Entscheidung des Bundesverfassungsgerichts

Das Bundesverfassungsgericht hat nunmehr mit Beschluss vom 27. September 2022 entschieden, dass § 10 Abs. 1 Satz 2 des ThürWaldG verfassungswidrig ist, weil die Norm die Eigentumsfreiheit aus Art. 14 GG verletzt.

Denn das Verbot der Umwandlung einer Waldfläche zur Nutzung für Windenergieanlagen beschränkt das durch Art. 14 GG geschützte Recht des Eigentümers, nach freiem Belieben über die Nutzung seiner Waldfläche zu entscheiden.

Zwar gewährt das Grundgesetz keine schrankenlose Eigentumsfreiheit. Gemäß Art. 14 Abs. 1 Satz 2 GG werden Inhalt und Schranken durch die Gesetze bestimmt. Das bedeutet, dass der Gesetzgeber unter bestimmten Voraussetzungen Regelungen treffen kann, die die Eigentumsfreiheit zugunsten der Rechte anderer begrenzen.

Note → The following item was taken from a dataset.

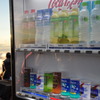 日本一高いところにある自販機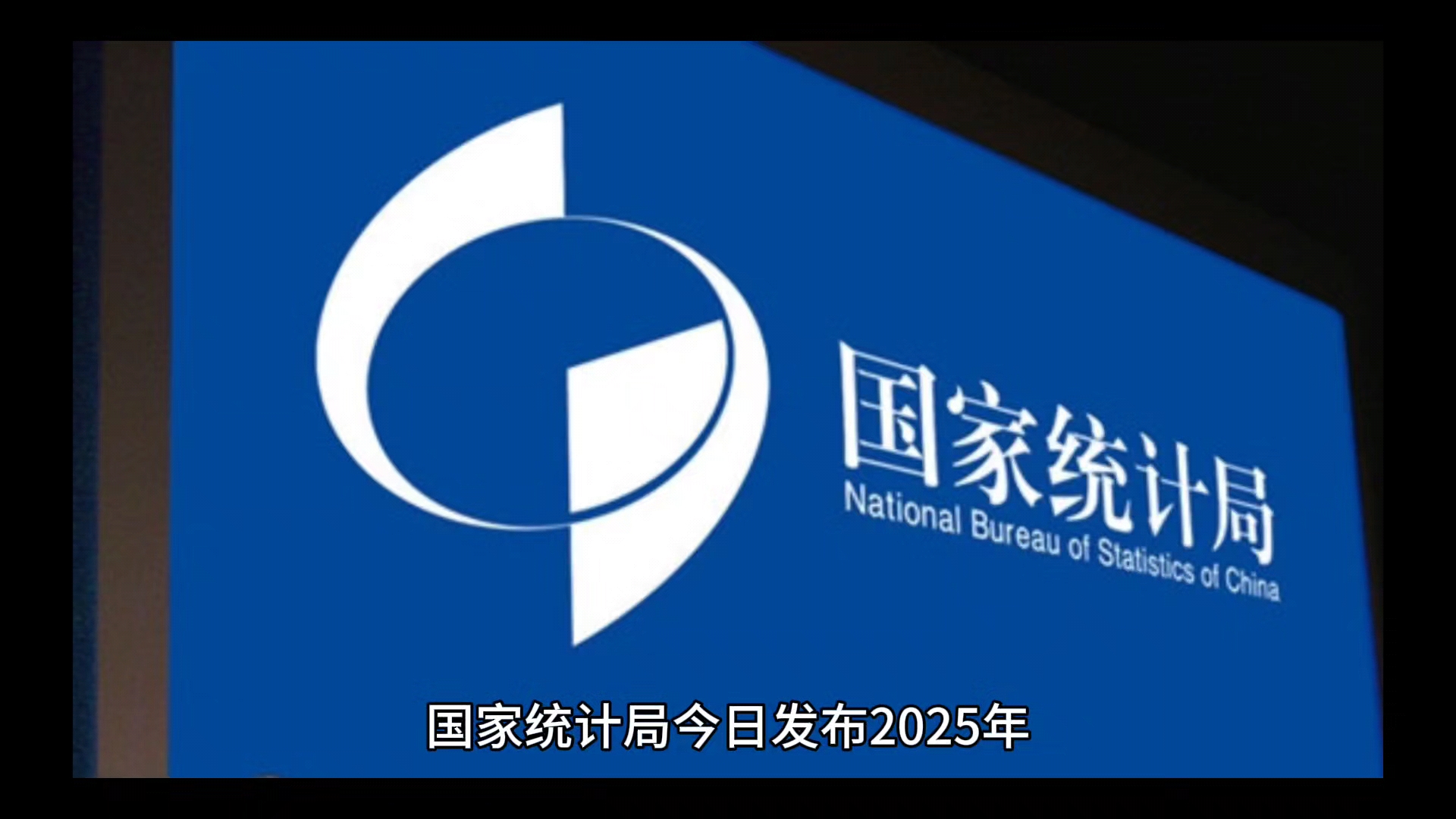国家统计局：服务消费增长日益成为居民消费的重要增长点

Erlässt der Gesetzgeber eine solche Regelung, darf er seinerseits aber nicht gegen das Grundgesetz verstoßen.

Nach der Auffassung des Bundesverfassungsgerichts hat der thüringische Landesgesetzgeber durch den Erlass der angegriffenen Regelung im ThürWaldG gegen das Grundgesetz verstoßen. § 10 Abs. 1 Satz 2 ThürWaldG sei formell verfassungswidrig, weil der Landesgesetzgeber für den Erlass des Gesetzes nicht zuständig gewesen sei. Die Regelung sei dem Bodenrecht zuzuordnen, für das nach Artt. 72 Abs. 1 und 74 Abs. 1 Nr. 18 GG das Prinzip der konkurrierenden Gesetzgebung gilt. Danach können die Landesgesetzgeber nur soweit und solange tätig werden, wie der Bundesgesetzgeber keine eigene Regelung getroffen hat. Das Gericht ist zu dem Ergebnis gekommen, dass der Bundesgesetzgeber die Flächennutzung für Windenergieanlagen jedoch abschließend geregelt hat. Insbesondere mit § 35 Abs. 1 Nr. 5 Baugesetzbuch (BauGB) habe der Bundesgesetzgeber klargestellt, dass Windenergieanlagen im Außenbereich grundsätzlich zulässig sind. Es seien keine Anhaltspunkte dafür ersichtlich, dass der Bundesgesetzgeber daneben bodenrechtliche Regelungen der Länder habe zulassen wollen, die ihrerseits die Flächennutzung zur Errichtung von Windenergieanlagen im Wald ausschließen.

Mit der materiellen Verfassungsmäßigkeit der Norm, also der Frage, ob der Ausschluss der Nutzung von Waldflächen für Windenergieanlagen das Grundrecht der Eigentumsfreiheit in einem unverhältnismäßigen Maße verkürzt, hat das Gericht sich nicht befasst. 

Auswirkungen und Ausblick

Das Bundesverfassungsgericht hat § 10 Abs. 1 Satz 2 ThürWaldG in seinem Beschluss für nichtig erklärt. Die Nichtigkeit führt dazu, dass die Norm sowohl für die Zukunft als auch für die Vergangenheit keine Rechtskraft entfaltet. Rechtlich gesehen führt die Nichtigkeit also zu dem Zustand, als ob das Gesetz niemals erlassen worden wäre.

Mit der Entscheidung dürfte der Ausbau von Windenergieanlagen im Bundesland Thüringen neuen Aufschwung bekommen. Dies gilt insbesondere vor dem Hintergrund, dass Waldflächen im Land Thüringen etwa 34 % der Gesamtfläche ausmachen und ein großer Teil der dortigen Waldflächen von Sturmschäden und Schädlingsbefällen betroffen ist. Diese Flächen stehen nun für die Errichtung von Windenergieanlagen wieder zur Verfügung. 

Auch in den Bundesländern Schleswig-Holstein und Sachsen-Anhalt haben die Landesgesetzgeber vergleichbare Regelungen zu der nunmehr für verfassungswidrig erklärten Norm erlassen. Es ist davon auszugehen, dass diese Regelungen vor dem Hintergrund der Entscheidung des Bundesverfassungsgerichts ebenfalls zu korrigieren sind.